Only the lines from the one with "一只带状橙色蝴蝶栖息在几朵橙色黄花菜上" to the end of the listing below should be set down, exactly as written and without any pictures.
╭─ Provided records
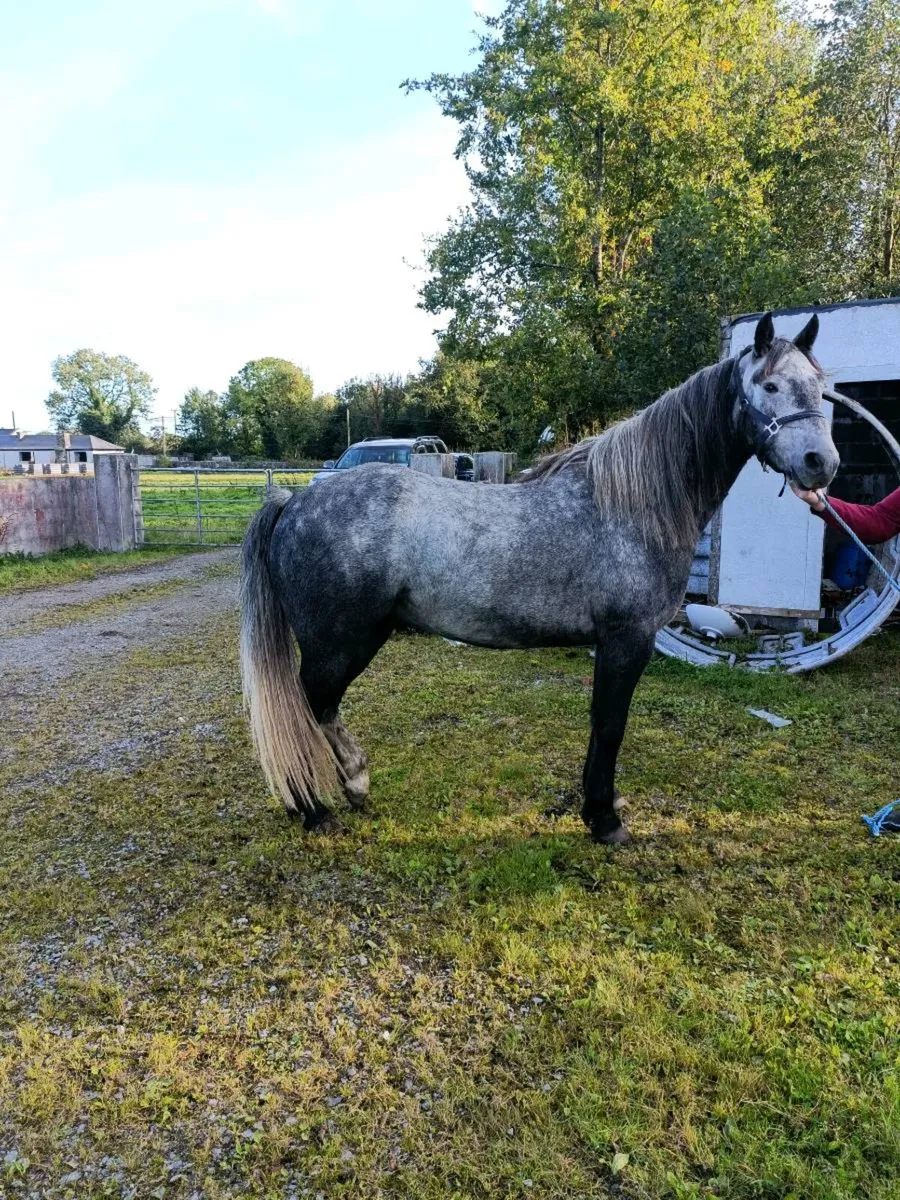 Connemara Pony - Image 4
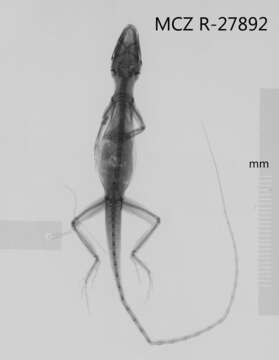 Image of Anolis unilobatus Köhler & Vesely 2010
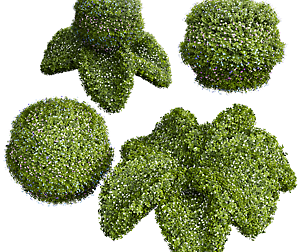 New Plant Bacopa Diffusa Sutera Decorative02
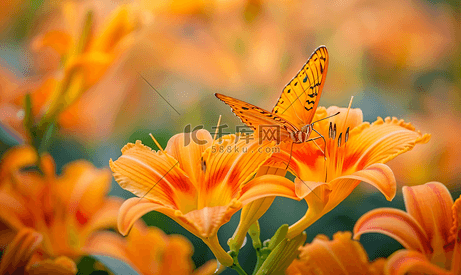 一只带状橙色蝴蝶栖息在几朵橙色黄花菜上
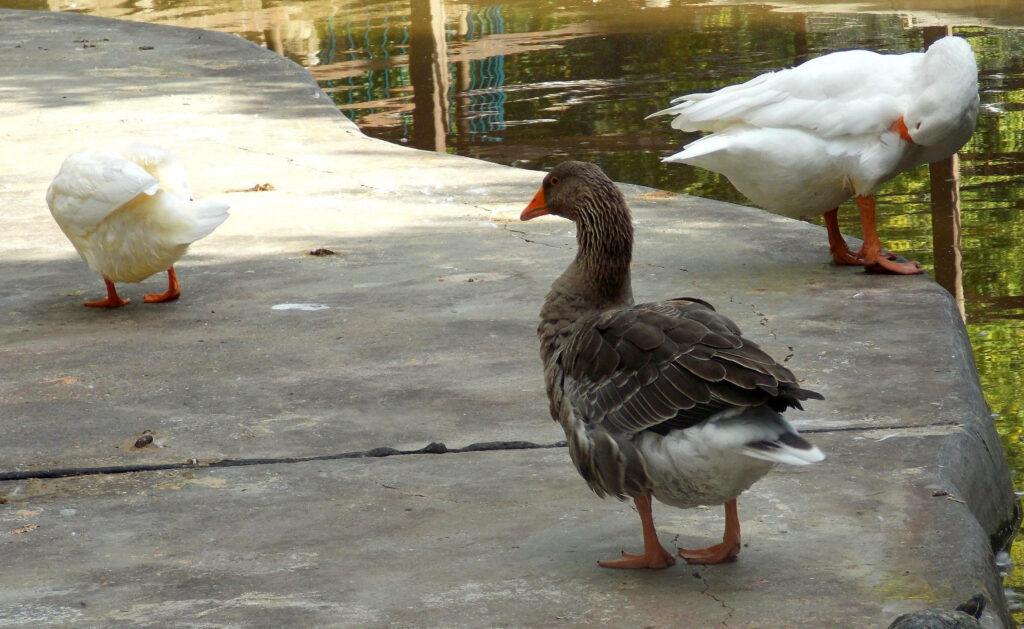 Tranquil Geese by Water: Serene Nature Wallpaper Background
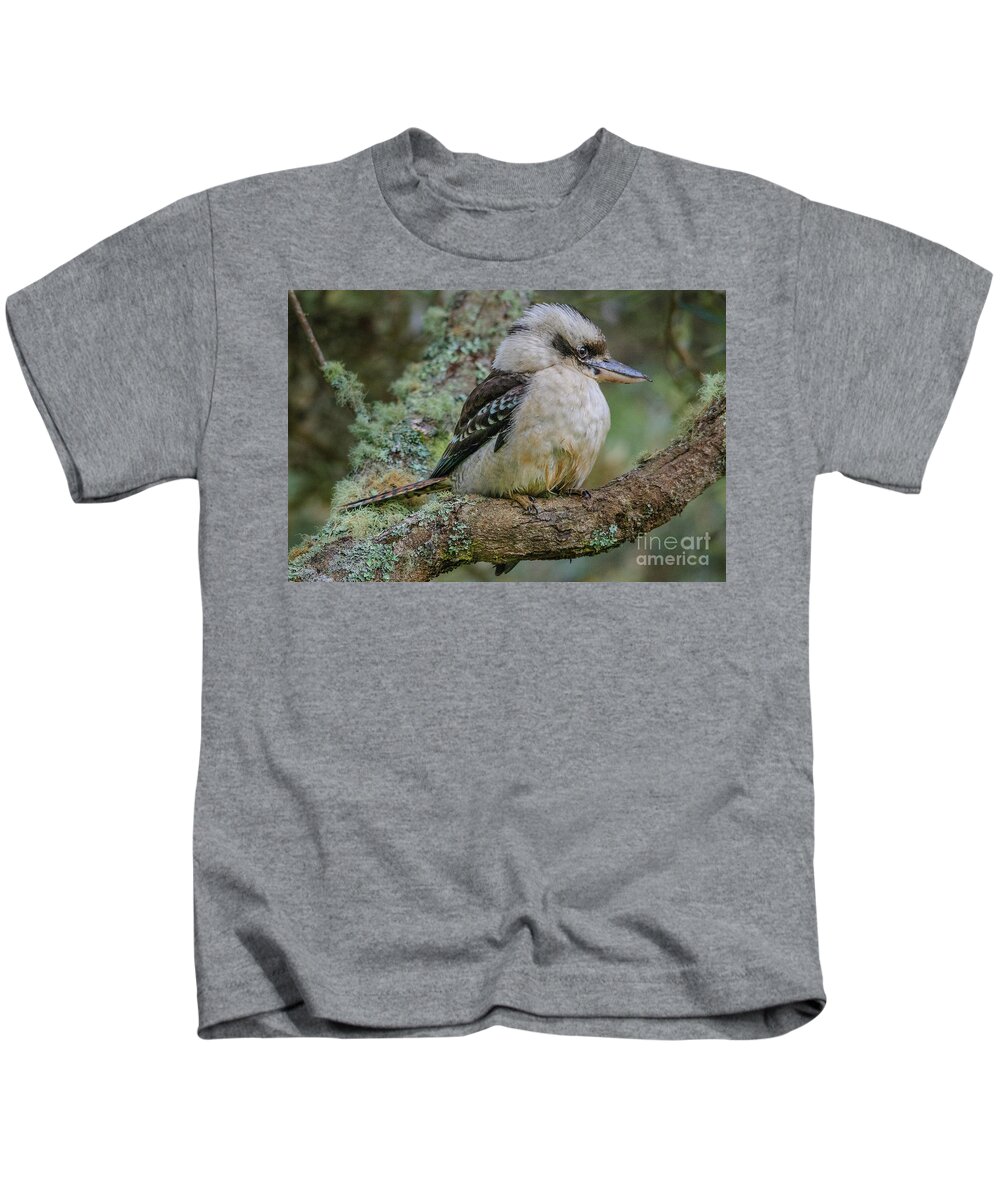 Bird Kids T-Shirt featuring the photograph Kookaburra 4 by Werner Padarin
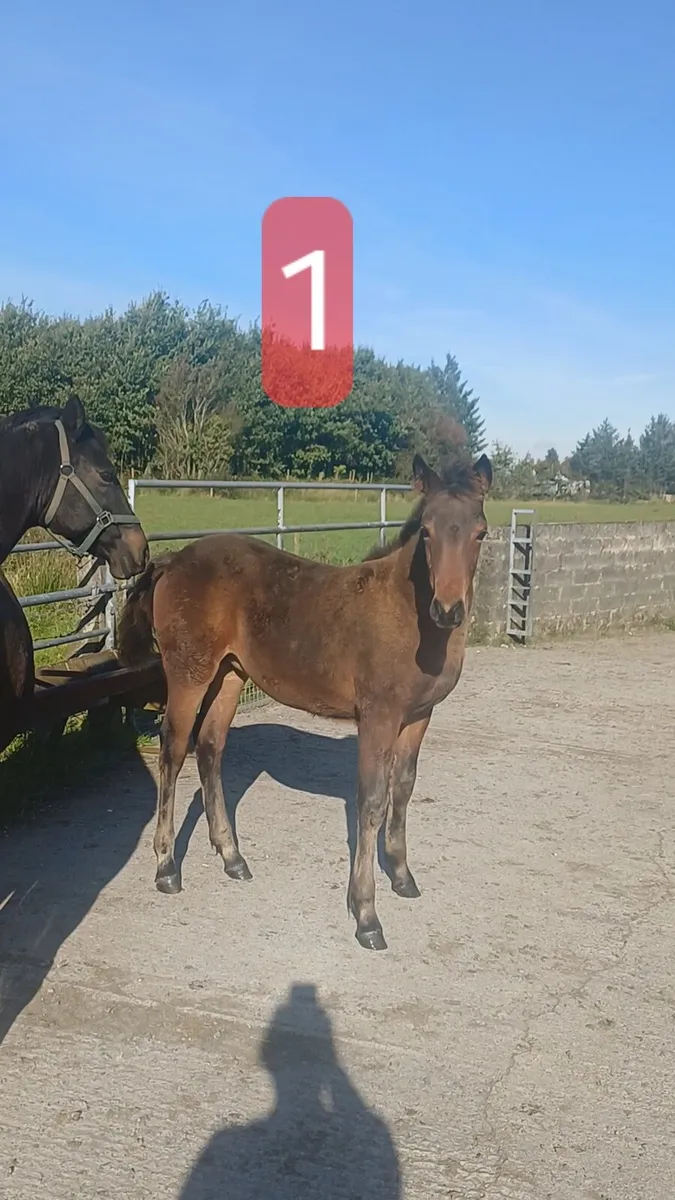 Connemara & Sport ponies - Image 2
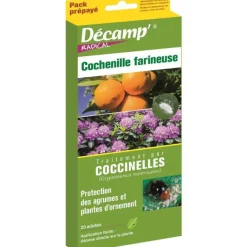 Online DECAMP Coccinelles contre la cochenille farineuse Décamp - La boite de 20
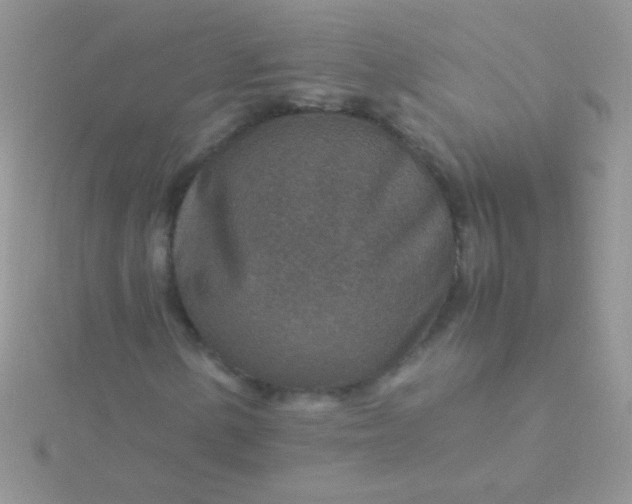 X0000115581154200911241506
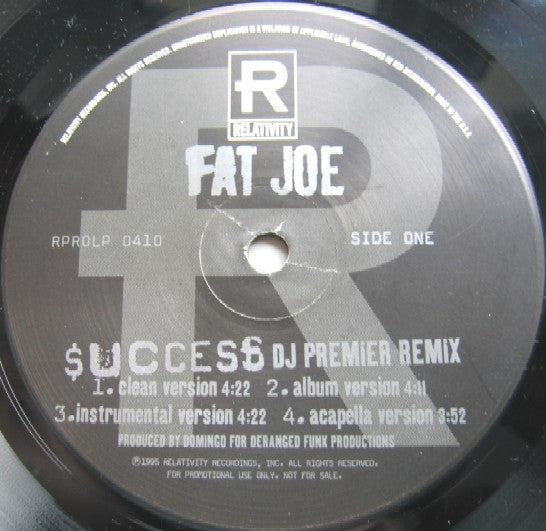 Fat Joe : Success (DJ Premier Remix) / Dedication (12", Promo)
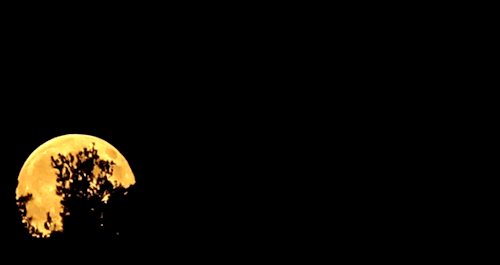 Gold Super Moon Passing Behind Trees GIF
╰─
▶ Expected answer:
 一只带状橙色蝴蝶栖息在几朵橙色黄花菜上
 Tranquil Geese by Water: Serene Nature Wallpaper Background
 Bird Kids T-Shirt featuring the photograph Kookaburra 4 by Werner Padarin
 Connemara & Sport ponies - Image 2
 Online DECAMP Coccinelles contre la cochenille farineuse Décamp - La boite de 20
 X0000115581154200911241506
 Fat Joe : Success (DJ Premier Remix) / Dedication (12", Promo)
 Gold Super Moon Passing Behind Trees GIF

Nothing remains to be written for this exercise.